Concept in Definition ABC
Miscellanea / / July 04, 2021
By Cecilia Bembibre, in Ago. 2010
The term polyhedron is the one used to designate those geometric figures three-dimensional that are composed of several faces or facets. It can be said that the polyhedron is the equivalent of the polygons, the figures flat geometric with many sides but without three-dimensionality. The name of polyhedron comes from the Greek language for which poli means "many" and edro or edron means "faces".
Polyhedra are much more visually striking than a polygon. This has to watch with the fact that they gain three-dimensionality and, therefore, their surface it becomes much more complex. The elements that normally make up a polyhedron are three, some of them equivalent to those of the polygon: the faces, the edges and the vertices. The faces are the blueprints that are formed along the surface of the polyhedron and that can be very numerous depending on the polyhedron in question. Then the edges or lines that delimit the planes between themselves and that can be shared by two planes together continue. Finally, the vertices, as in the polygon, are the point of union of two or more edges as well as of two or more planes.
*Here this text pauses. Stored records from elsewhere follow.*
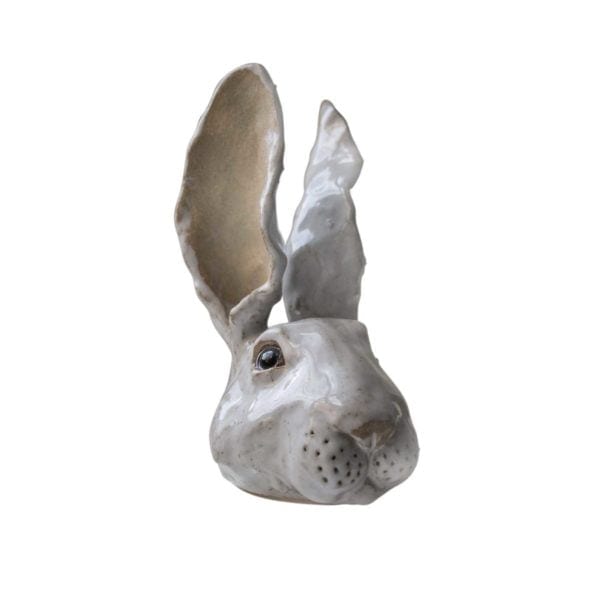 rory dobner Rabbit ?Ed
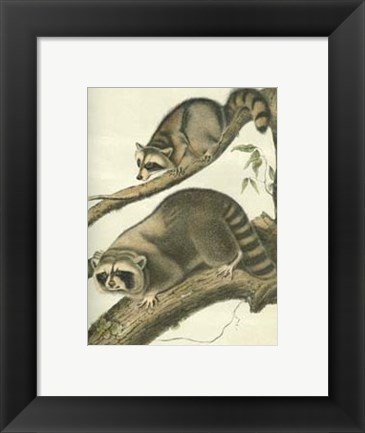 Framed Racoon Print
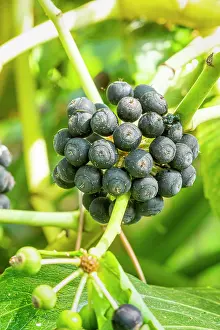 Berry: Japanese Aralia (Fatsia du Japon) Moseri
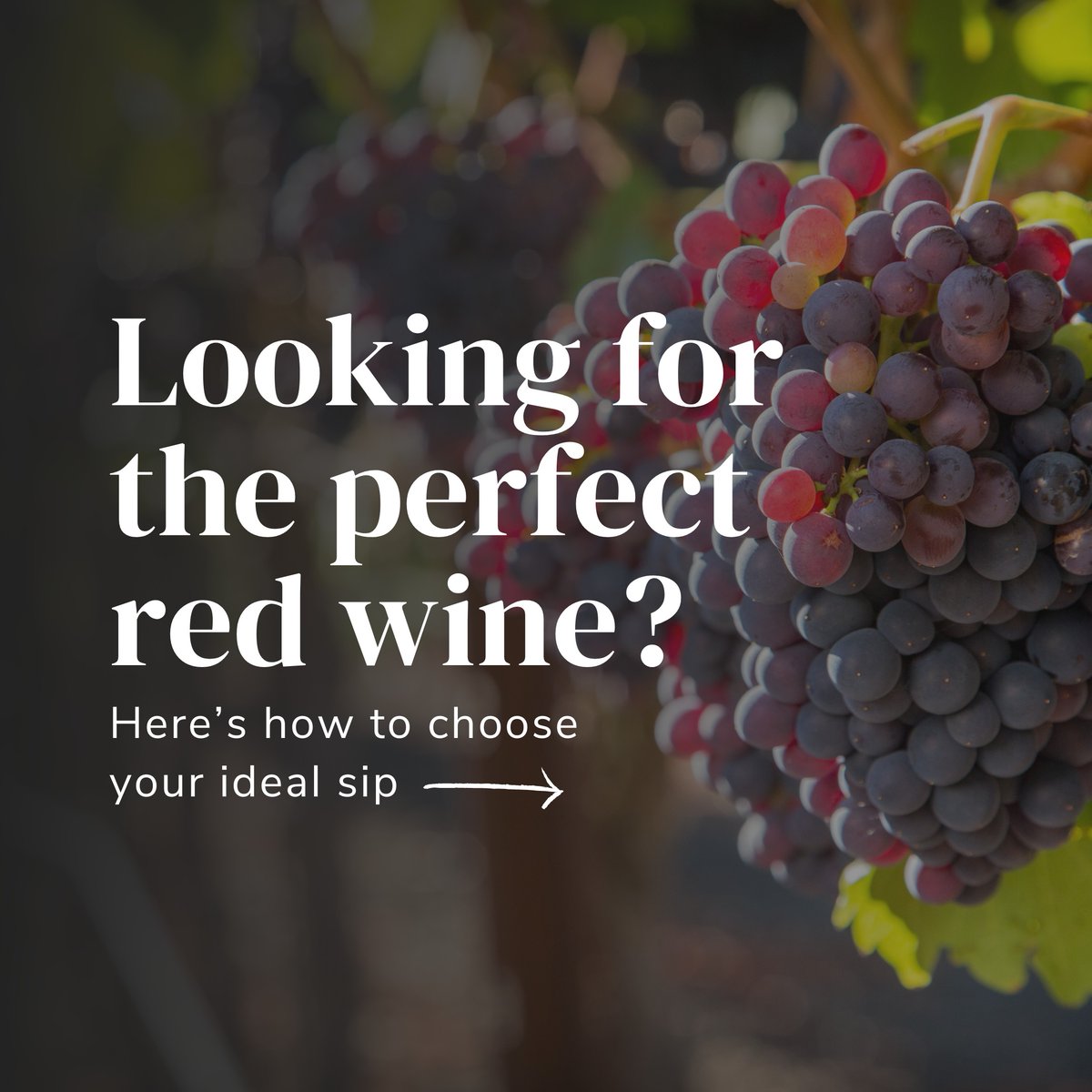 edkawines's tweet photo. When it comes to choosing the right Spanish red wine, here are a few factors to keep in mind 🍷
#EdkaWines #WineSubscription #CuratedForYou #Wine #SpanishWine #FineWine #WineTasting #WineLovers #WinePairing #WineDelivery #BoutiqueWine #UKWineShop https://t.co/lt29xLCRgx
Polyhedra, as might be expected, are complex figures that can be grouped into two main sets: regular and irregular polyhedra. While the former are characterized by being composed of faces and vertices equal to each other, the irregular ones are a composition of faces and vertices of different size and level, so your final view is much more impressive and messy. Among the first, regular polyhedra, we find, for example, cubes. In the group of irregular polyhedra one of the best known forms is the prism in all its variants as well as also the figures that bear the name "truncated" together with the number of faces they have (for example the Tetrahedron truncated).